**What you are asked to do:**
Look through the listing below for the line with "Woman Suffering Stomach" and the line with "2016 Nissan Altima". Copy both, along with every line between them, exactly and with no pictures.

**Data:**
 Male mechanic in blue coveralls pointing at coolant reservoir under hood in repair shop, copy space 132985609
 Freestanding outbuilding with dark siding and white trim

==

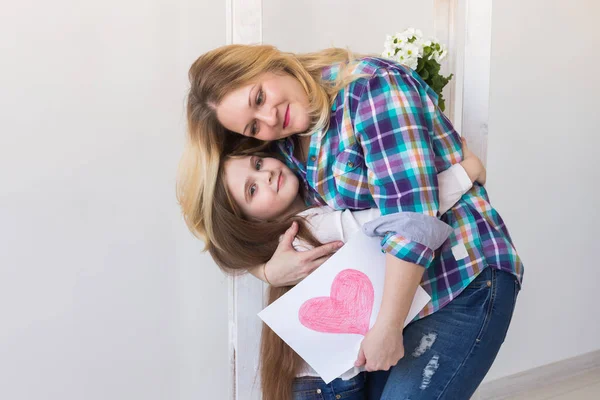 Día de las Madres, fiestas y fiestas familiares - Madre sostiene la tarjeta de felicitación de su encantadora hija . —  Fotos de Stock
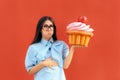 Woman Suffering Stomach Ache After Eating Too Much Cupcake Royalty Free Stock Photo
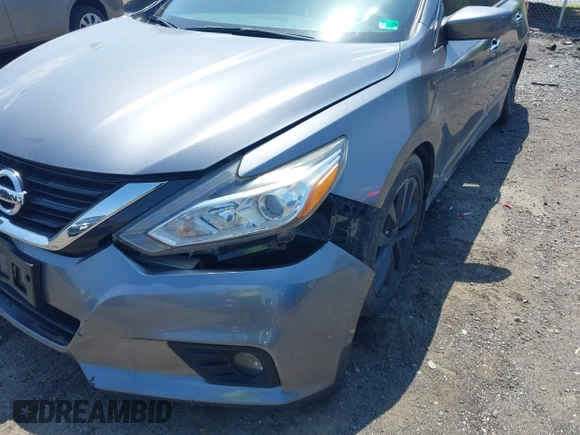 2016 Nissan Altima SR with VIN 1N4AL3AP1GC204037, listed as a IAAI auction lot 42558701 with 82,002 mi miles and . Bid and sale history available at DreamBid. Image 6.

**Response to the exercise:**
 Woman Suffering Stomach Ache After Eating Too Much Cupcake Royalty Free Stock Photo
 2016 Nissan Altima SR with VIN 1N4AL3AP1GC204037, listed as a IAAI auction lot 42558701 with 82,002 mi miles and . Bid and sale history available at DreamBid. Image 6.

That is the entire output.